SUPPLIED MATERIAL:

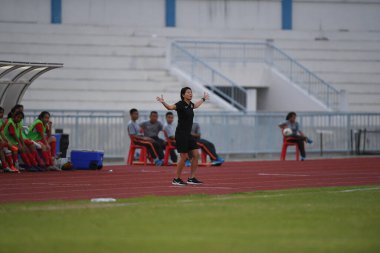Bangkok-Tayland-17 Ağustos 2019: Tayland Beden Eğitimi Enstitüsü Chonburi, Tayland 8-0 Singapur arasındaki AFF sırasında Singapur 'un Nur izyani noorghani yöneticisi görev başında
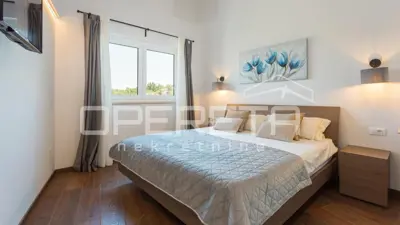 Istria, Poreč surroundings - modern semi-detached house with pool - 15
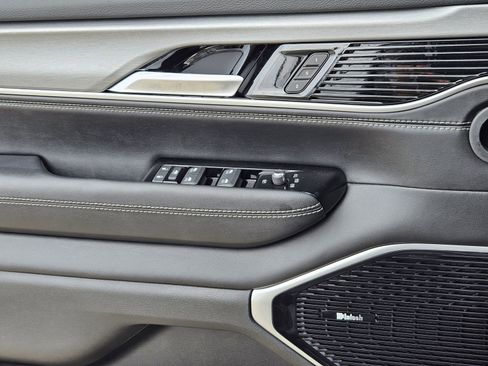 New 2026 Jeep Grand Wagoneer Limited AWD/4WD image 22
...
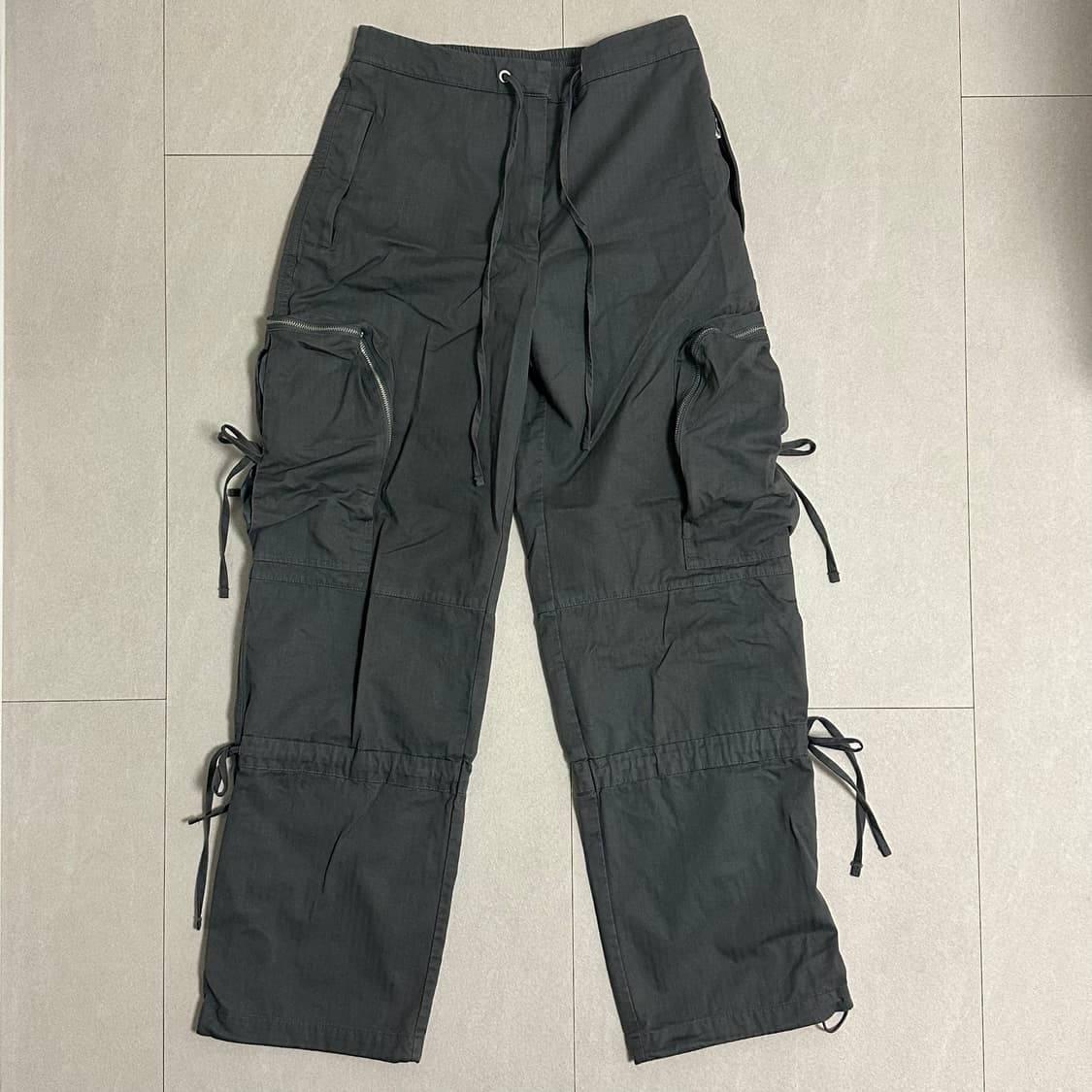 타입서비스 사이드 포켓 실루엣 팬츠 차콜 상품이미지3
...
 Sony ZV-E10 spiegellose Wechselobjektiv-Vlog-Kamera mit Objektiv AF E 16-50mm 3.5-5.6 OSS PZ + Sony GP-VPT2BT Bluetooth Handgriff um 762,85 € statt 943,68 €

ABOUT THIS EXERCISE:
Copy needed, without pictures: the lines of the listing above from the line containing "Bangkok-Tayland-17 Ağustos 2019: Tayland" up to and including the line containing "New 2026 Jeep", set down exactly.

YOUR RESPONSE:
Bangkok-Tayland-17 Ağustos 2019: Tayland Beden Eğitimi Enstitüsü Chonburi, Tayland 8-0 Singapur arasındaki AFF sırasında Singapur 'un Nur izyani noorghani yöneticisi görev başında
 Istria, Poreč surroundings - modern semi-detached house with pool - 15
 New 2026 Jeep Grand Wagoneer Limited AWD/4WD image 22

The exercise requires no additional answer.